Starting at the line that contains "Women's Black & White Striped Crewneck Tee", output each line exactly as written through the end of the listing below, but leave out the pictures.

_GIVEN DATA_
========================
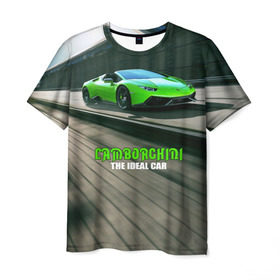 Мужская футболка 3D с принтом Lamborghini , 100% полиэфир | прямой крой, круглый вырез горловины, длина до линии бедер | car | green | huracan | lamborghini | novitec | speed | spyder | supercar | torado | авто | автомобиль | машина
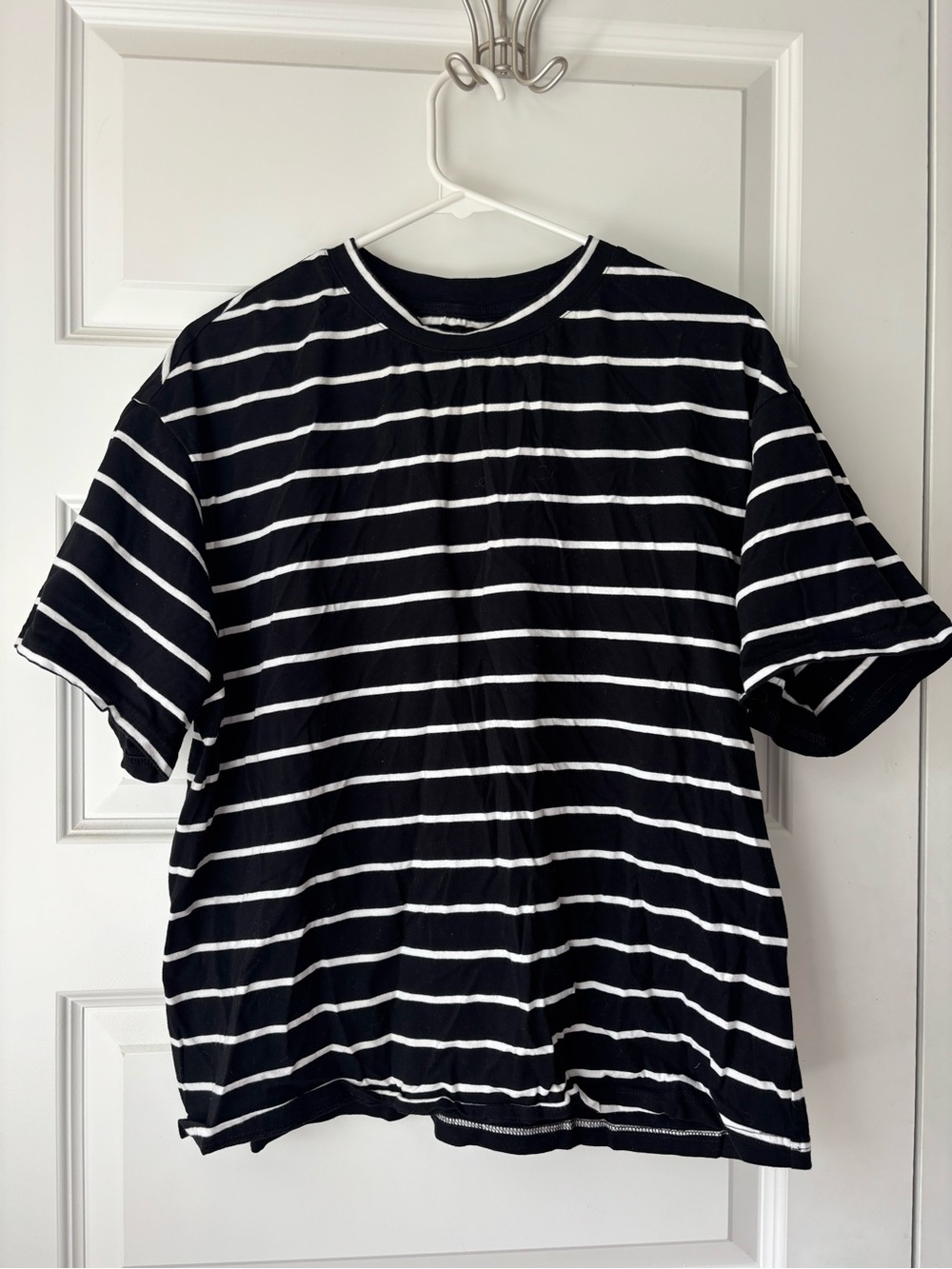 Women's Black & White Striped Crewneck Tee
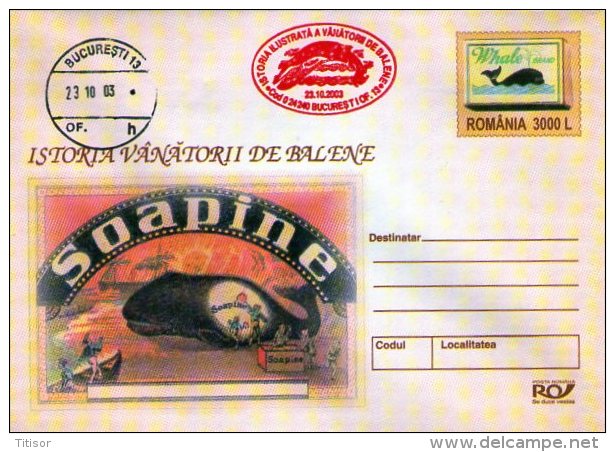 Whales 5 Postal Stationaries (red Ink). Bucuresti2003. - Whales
========================
_ANSWER FOR THIS EXERCISE_
 Women's Black & White Striped Crewneck Tee
 Whales 5 Postal Stationaries (red Ink). Bucuresti2003. - Whales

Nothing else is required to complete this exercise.